Web page caption snippets:

* * *

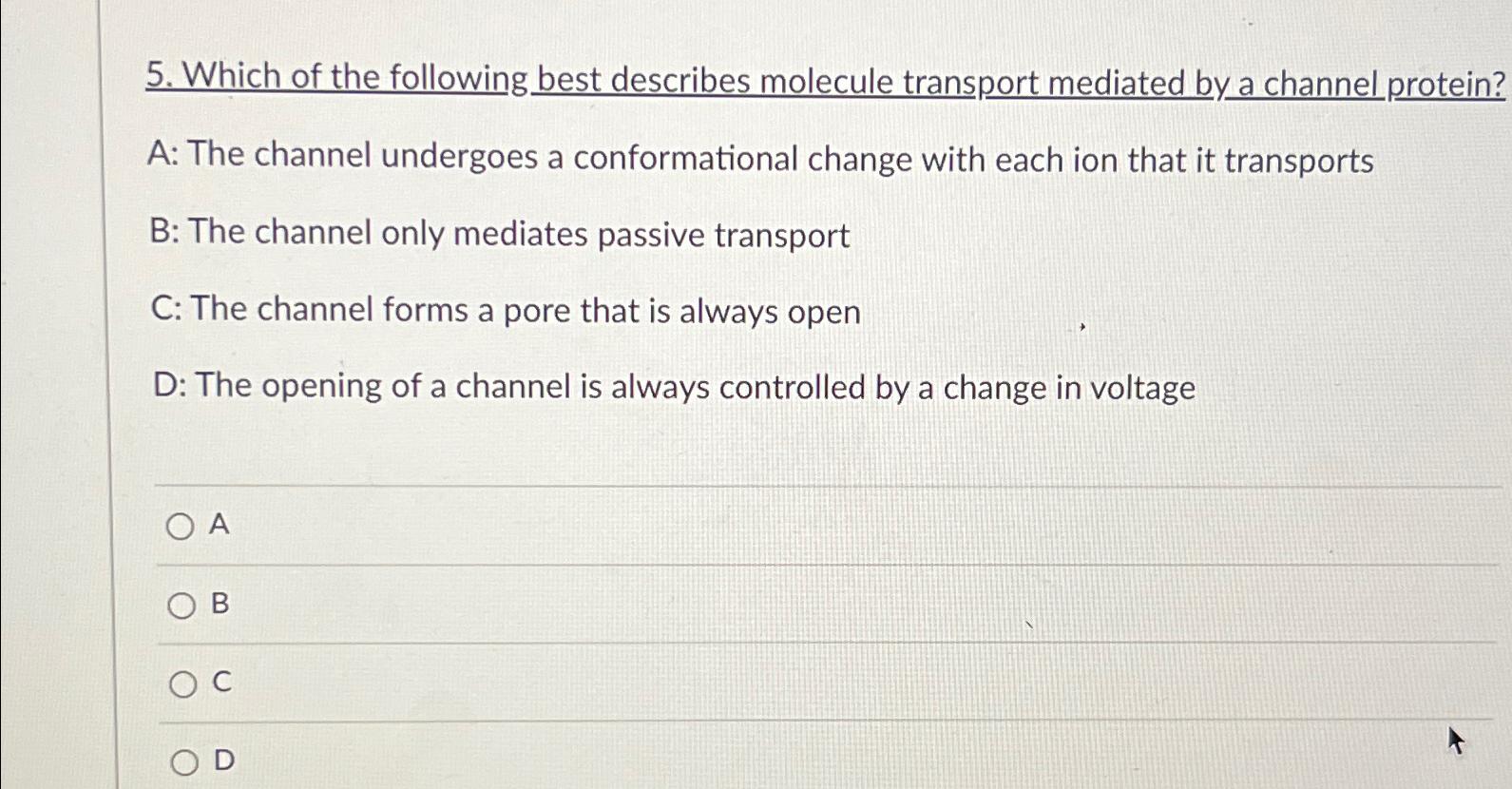 Solved Which of the following best describes molecule | Chegg.com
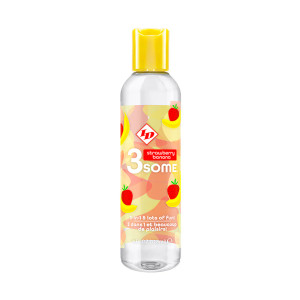 ID 3some Strawberry Banana Flavored Water-Based Lube, 4 oz. ID 3some Strawberry Banana Flavored Water-Based Lube, 4 oz.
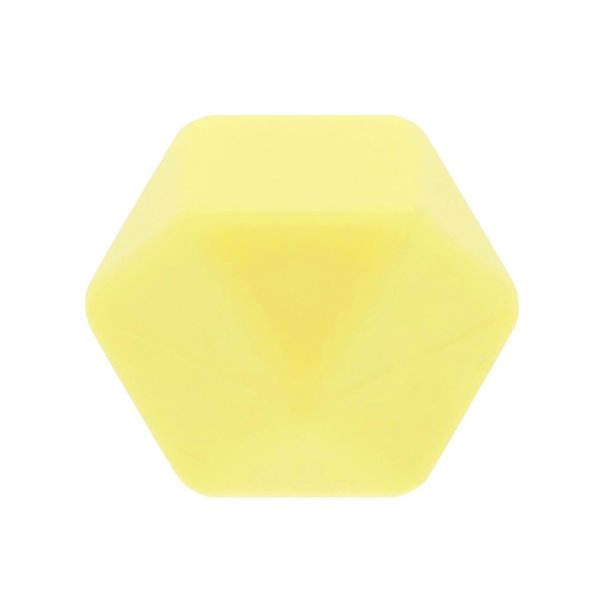 Silikone perle, Hexagon, 17 mm, Gul Lys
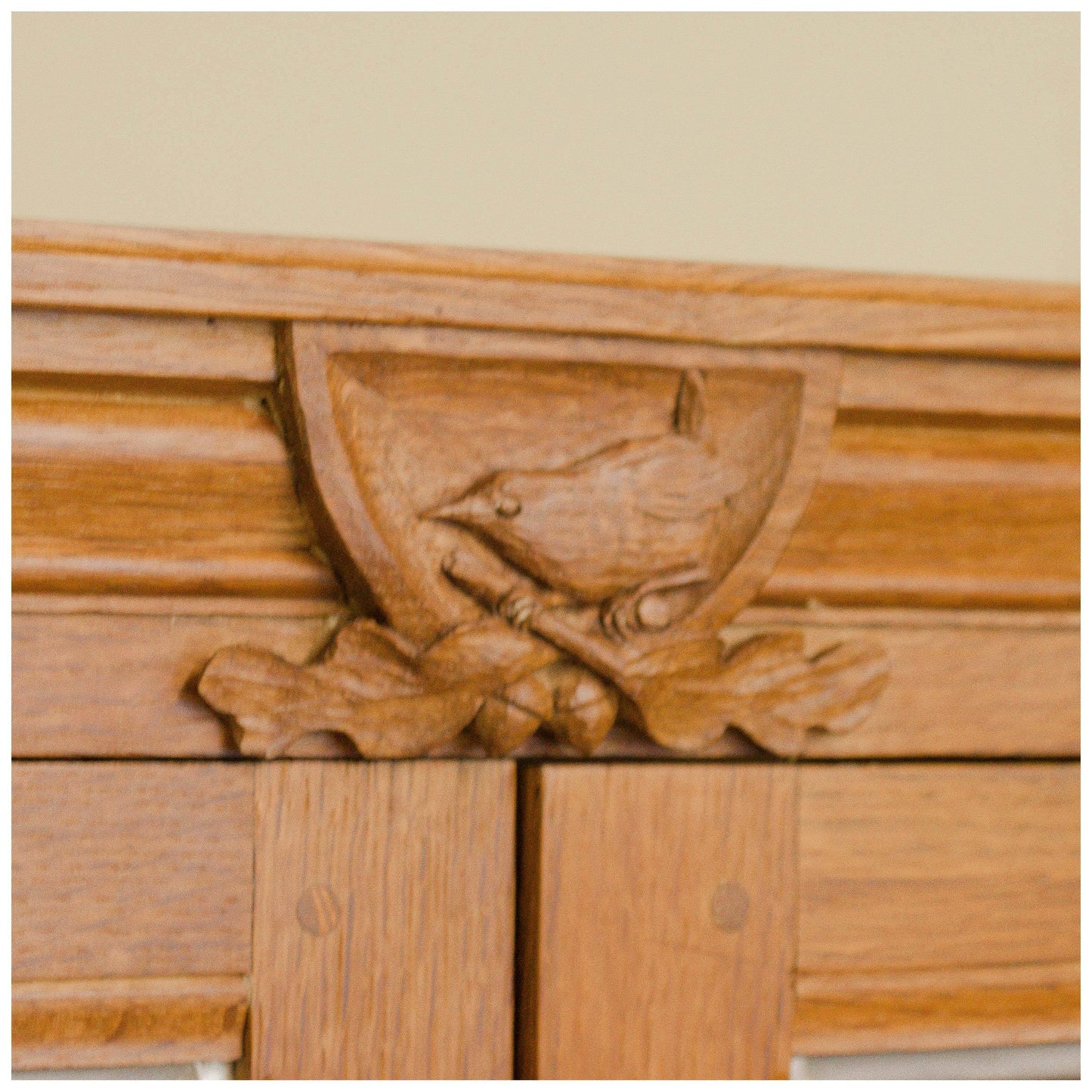 Bob Wrenman Hunter (Ex-Mouseman) Yorkshire School Arts & Crafts Glazed Oak Display Cabinet
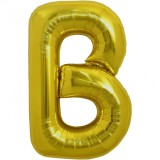 Balon folie metalizata litera b, flippy, 80 cm, umflati cu heliu sau aer, ambalaj individual, pai inclus, auriu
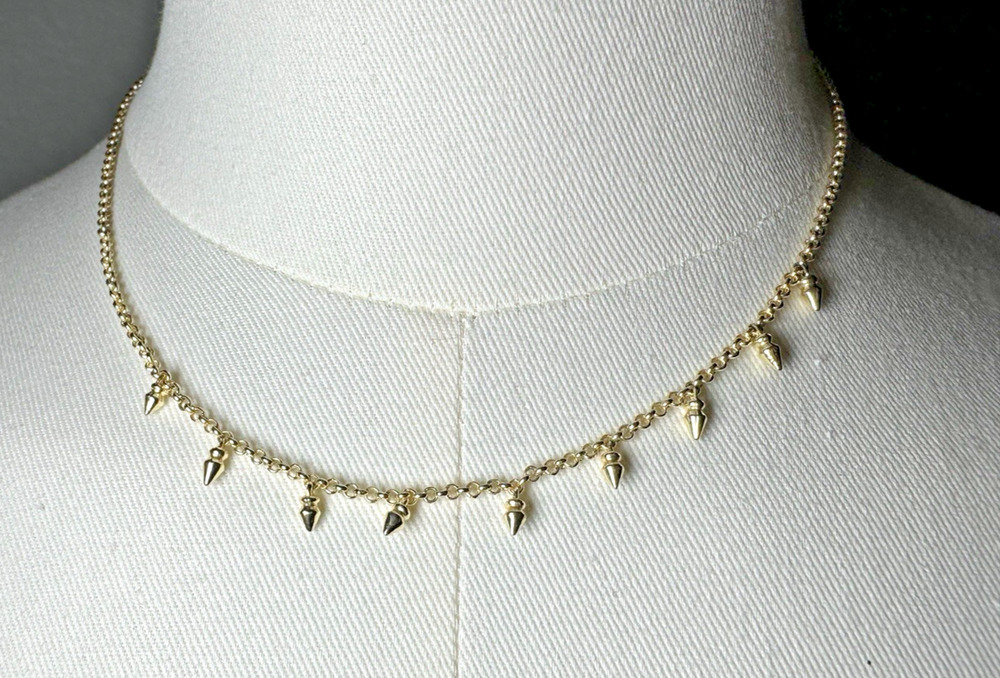 Kendra Scott Addison Choker Necklace Gold Tone Spike Charm Adjustable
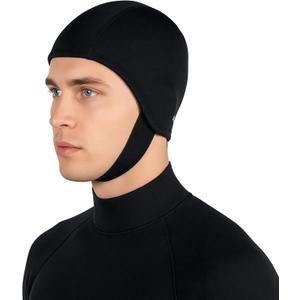 Neoprene Diving Hood for Men Women, Thermal Wetsuit Hood Swim Cap with Chin Straps, 3mm Diving Headgear Surfing Head Cover for Water Sports Scuba Snorkeling Kayaking Sailing (Large)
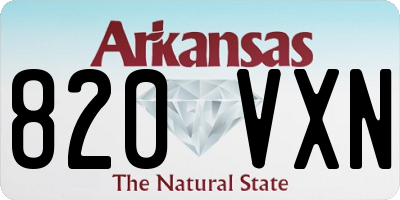 AR license plate 820VXN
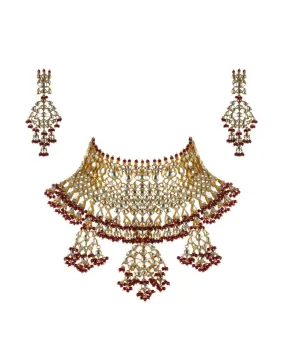 22k GOLD PLATED RED BRIDAL NECKLACE SET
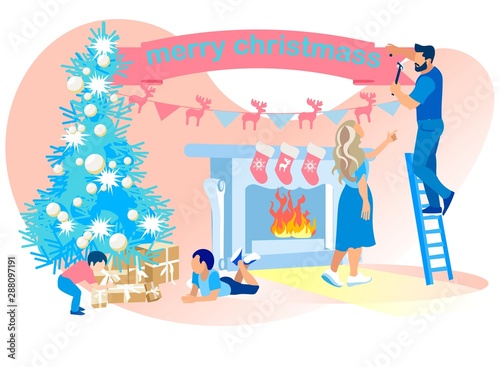 Cute People Decorating Christmas Tree Holidays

* * *

* **Task**
What the reply must contain is an exact transcription of the data above and none of its pictures.

* **Completed task**
 Solved Which of the following best describes molecule | Chegg.com
 ID 3some Strawberry Banana Flavored Water-Based Lube, 4 oz. ID 3some Strawberry Banana Flavored Water-Based Lube, 4 oz.
 Silikone perle, Hexagon, 17 mm, Gul Lys
 Bob Wrenman Hunter (Ex-Mouseman) Yorkshire School Arts & Crafts Glazed Oak Display Cabinet
 Balon folie metalizata litera b, flippy, 80 cm, umflati cu heliu sau aer, ambalaj individual, pai inclus, auriu
 Kendra Scott Addison Choker Necklace Gold Tone Spike Charm Adjustable
 Neoprene Diving Hood for Men Women, Thermal Wetsuit Hood Swim Cap with Chin Straps, 3mm Diving Headgear Surfing Head Cover for Water Sports Scuba Snorkeling Kayaking Sailing (Large)
 AR license plate 820VXN
 22k GOLD PLATED RED BRIDAL NECKLACE SET
 Cute People Decorating Christmas Tree Holidays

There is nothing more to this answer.